What are some common challenges in measuring the ROI of AI?

What are some common challenges in measuring the ROI of AI?

There are several prevalent difficulties in determining the return on investment (ROI) of artificial intelligence (AI), including:

  1. Quality and Accessibility of Data: The assurance of data quality and accessibility is a critical factor for precise ROI prediction models.

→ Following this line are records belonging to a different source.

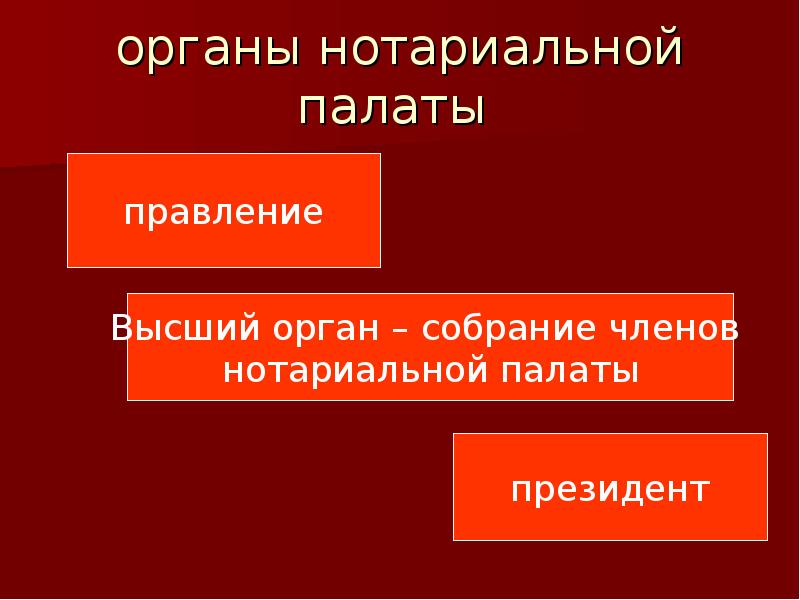 Нотариальная деятельность презентация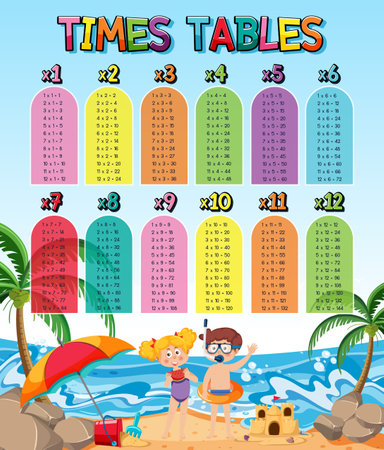 Times Tables Chart for Learning Multiplication illustrationのイラスト素材
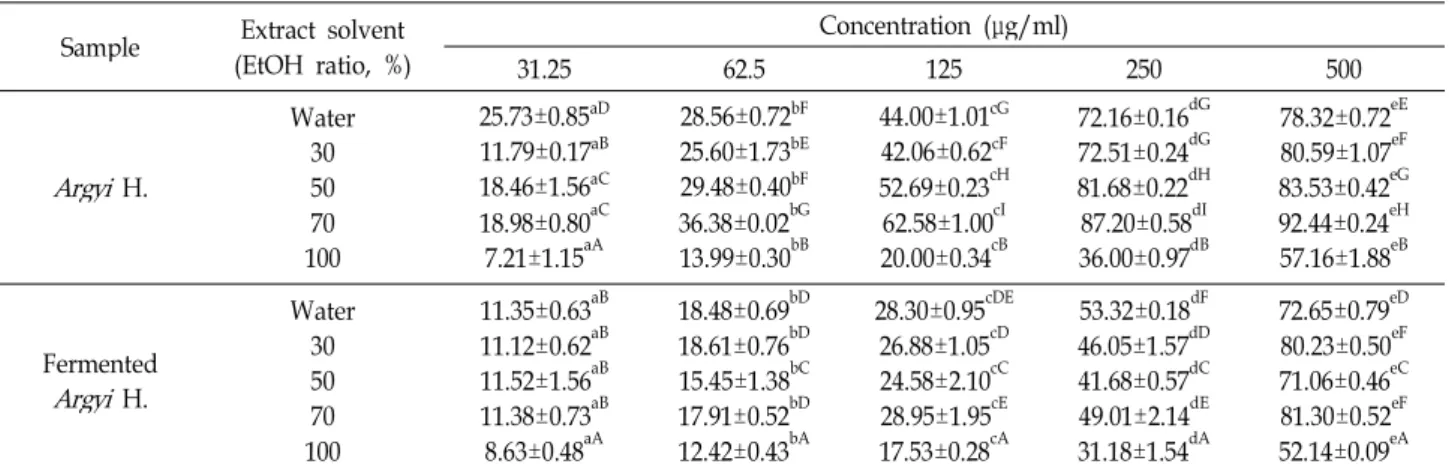Table 3. DPPH radical scavenging activity of Argyi H. and fermented Argyi H. extract (%) Sample Extract solvent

  2. Erroneous or Incomplete Data: The acquisition of correct and comprehensive data can pose a significant hurdle in ROI computation, influencing the profitability evaluation of investments.

  3. Challenges in Quantifying Intangible Advantages: The task of measuring intangible advantages such as enhanced customer satisfaction presents a difficulty in ROI analysis, affecting the thorough appraisal of investments.

  4. Interpretability Deficiency: A lack of interpretability in AI algorithms utilized for ROI prediction models can serve as a constraint, impeding the comprehension of forecasts.

  5. Assessing Each AI Project on its Own Merits: Perceiving AI projects individually rather than collectively can obstruct an all-encompassing assessment of ROI.

To surmount these hurdles, companies should give precedence to data purification, allocate resources to data management tools, contemplate long-term performance tracking, and convey outcomes transparently to stakeholders.